Thursday, 17 October 2013

Why qualitative comparative analysis (QCA)?

To generate realistic, practice-oriented findings and recommendations, the Review needs to differentiate between a wide range of evaluation approaches, methods and contexts. The number of existing evaluations in the field of VAWG is too small for statistical analysis to yield accurate conclusions. Yet, it would not do justice to the variety of evaluation settings if we selected only few evaluations for detailed analysis, as a conventional comparative case study would do. Qualitative comparative analysis (QCA) enables us to make full use of evidence from a wide spectrum of evaluations - without jeopardizing the applicability and generalisability of our findings. QCA has been designed for “medium-N” situations, i.e. situations where there are more than a handful of cases, but too few for meaningful statistical analysis.

QCA rests on the assumption that several cause-to-effect chains coexist.

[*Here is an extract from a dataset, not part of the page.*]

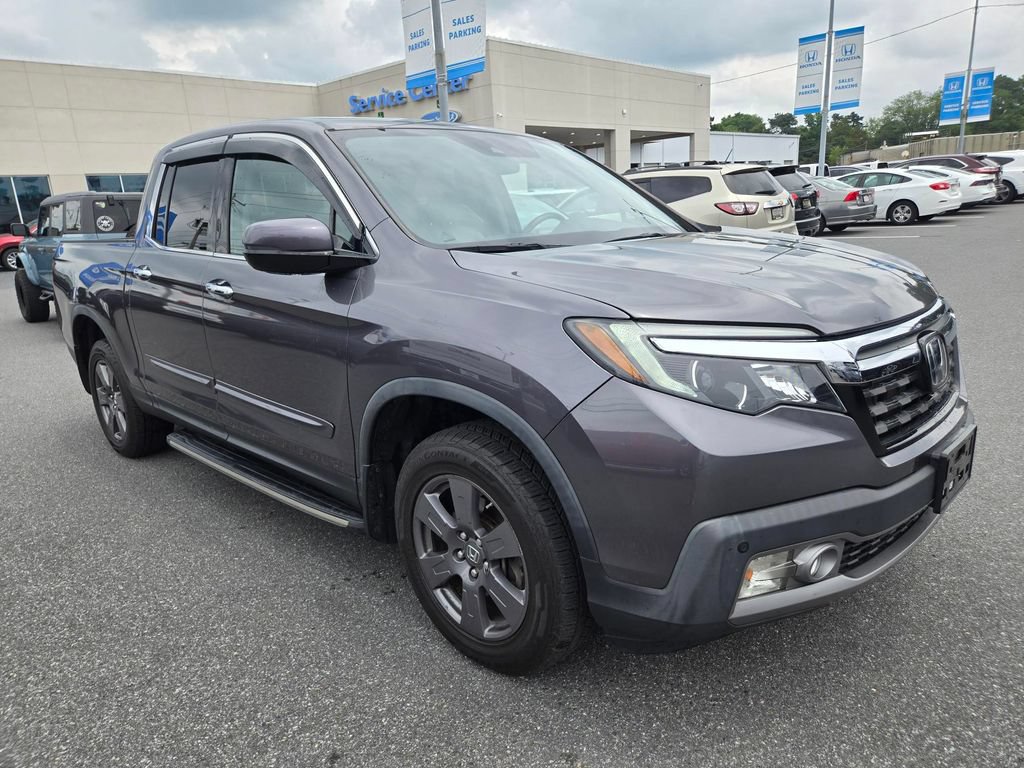 Used 2020 Honda Ridgeline RTL-E image 3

It matches sets of characteristics (in our case, the characteristics of evaluations) with specific outcomes (for instance, improved results of advocacy efforts). This method helps reveal which interactions between different kinds of methodology, resources and other conditions are necessary to achieve high quality evaluations under specific sets of circumstantial factors. 

QCA is transparent and replicable: It makes it possible and necessary to explain the iterative process of categorizing and coding evaluation reports that will be included in the analysis. We will go back and forth between conceptual work (categorisations of evaluation practice) and the evidence (evaluation reports and users’ narratives on evaluation processes and outcomes). We will thereby refine the definitions of dimensions of evaluation practice, and indicators that can be used to categorise evaluations. New factors will be taken into account when they prove necessary; old differentiations between evaluation settings will be given up if they prove superfluous.

Statistical methods or “conventional” comparative case studies may include similarly iterative processes, but their movement between theoretical levels and the evidence tends to be unsystematic and implicit. This “black box” situation may lead to the omission of important explanatory factors, and makes it difficult to replicate the findings.